> Problem to work on: Across the listing below, how many lines have the word "Thumbnail" in them? Provide only the number.

##############################

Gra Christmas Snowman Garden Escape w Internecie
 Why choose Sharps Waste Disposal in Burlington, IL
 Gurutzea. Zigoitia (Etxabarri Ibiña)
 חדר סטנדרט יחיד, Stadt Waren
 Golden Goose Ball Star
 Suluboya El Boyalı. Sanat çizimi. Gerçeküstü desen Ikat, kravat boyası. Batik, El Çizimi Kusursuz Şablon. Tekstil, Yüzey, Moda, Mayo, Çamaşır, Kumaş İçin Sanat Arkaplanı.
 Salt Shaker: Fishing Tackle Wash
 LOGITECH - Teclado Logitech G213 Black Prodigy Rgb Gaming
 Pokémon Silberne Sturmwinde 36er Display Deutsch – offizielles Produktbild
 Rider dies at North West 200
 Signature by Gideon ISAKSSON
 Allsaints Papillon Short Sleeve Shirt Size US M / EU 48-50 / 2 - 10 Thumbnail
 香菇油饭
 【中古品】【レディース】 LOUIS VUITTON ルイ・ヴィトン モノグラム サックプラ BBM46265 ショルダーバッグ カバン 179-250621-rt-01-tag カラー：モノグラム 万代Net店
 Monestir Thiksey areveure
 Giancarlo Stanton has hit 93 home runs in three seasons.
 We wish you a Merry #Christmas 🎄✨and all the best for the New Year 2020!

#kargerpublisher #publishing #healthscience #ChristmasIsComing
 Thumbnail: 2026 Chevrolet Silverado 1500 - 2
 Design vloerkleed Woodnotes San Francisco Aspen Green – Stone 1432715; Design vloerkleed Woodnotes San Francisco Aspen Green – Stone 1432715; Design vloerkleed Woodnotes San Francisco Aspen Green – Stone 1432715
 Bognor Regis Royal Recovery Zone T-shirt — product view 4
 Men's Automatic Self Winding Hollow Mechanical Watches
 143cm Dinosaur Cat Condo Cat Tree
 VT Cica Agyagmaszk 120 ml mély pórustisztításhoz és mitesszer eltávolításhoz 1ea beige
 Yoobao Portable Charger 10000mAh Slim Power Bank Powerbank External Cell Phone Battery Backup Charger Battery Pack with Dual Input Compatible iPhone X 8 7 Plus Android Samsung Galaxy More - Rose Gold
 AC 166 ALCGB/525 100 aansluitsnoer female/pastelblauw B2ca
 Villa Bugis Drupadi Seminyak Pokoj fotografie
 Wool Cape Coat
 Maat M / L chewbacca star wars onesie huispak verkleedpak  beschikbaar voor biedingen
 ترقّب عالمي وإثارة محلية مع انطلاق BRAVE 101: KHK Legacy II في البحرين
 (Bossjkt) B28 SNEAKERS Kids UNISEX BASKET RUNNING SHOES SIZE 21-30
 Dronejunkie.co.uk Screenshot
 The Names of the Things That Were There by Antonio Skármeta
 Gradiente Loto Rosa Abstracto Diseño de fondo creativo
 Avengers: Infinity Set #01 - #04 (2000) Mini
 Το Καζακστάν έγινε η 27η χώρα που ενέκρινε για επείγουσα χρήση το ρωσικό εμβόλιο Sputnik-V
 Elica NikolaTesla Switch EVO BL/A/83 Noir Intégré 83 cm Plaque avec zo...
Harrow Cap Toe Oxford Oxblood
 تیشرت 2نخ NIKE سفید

##############################

> Exercise result: 2